Best Friends Can Help You Beat Stress, Study Finds

Best Friends Can Help You Beat Stress, Study Finds

Stressed out? Go hang with your BFF.

A small new study shows that during stressful times, being around a best friend decreases levels of the stress hormone cortisol.

"These findings provide a better understanding as to how close relationships might serve as buffers against the adjustment difficulties that result from negative experiences," researchers wrote in the study.

For the study, Adams and his colleagues had about 100 kids ages 10 to 12 write in a journal five times a day over the course of four school days. They were supposed to indicate what sorts of feelings they had in the last 20 minutes, as well as if they spent time alone with a parent, brother or sister, classmate, best friend, stranger, teacher, boyfriend or girlfriend or another person.

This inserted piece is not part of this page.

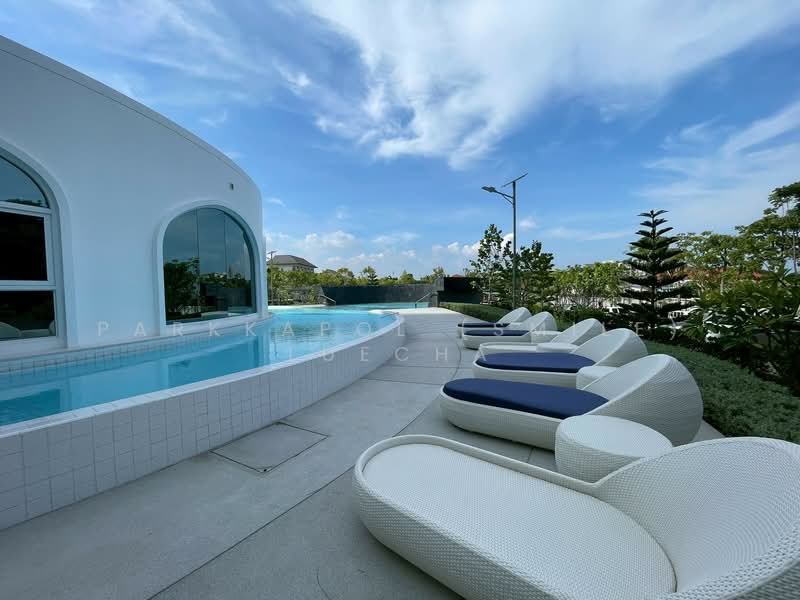 Supalai Blue Whale Hua Hin, Prachuap Khiri Khan, 3768 Soi Hua Hin - Huai Mongkol 8, Hua Hin, Hua Hin, Prachuap Khiri Khan, 1 Bedroom, 34 sqm, Condo For Rent, by Parkkapol (Smile) Luecha, 500201316 - DDproperty.com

Researchers also tested levels of the stress hormone cortisol using spit samples they gathered from the kids.

They found that during an unpleasant experience, the kids who were with their best friend didn't produce as much cortisol as kids who weren't around a friend during the stressful time.

"A child's close friends can be problematic and lead them astray, but they can also be incredibly positive and supportive," Dr. Karen Majors, education psychologist with Barking and Dagenham Community Educational Psychology Service, told Marie Claire UK.

Even though this study was just in kids, other research suggests having a friendly workplace could boost your health, too. A study published in Health Psychology earlier this summer showed that people who don't have a good social support system at work are almost 2.5 times more likely to die over a 20-year-period than people who say they have a friendly workplace.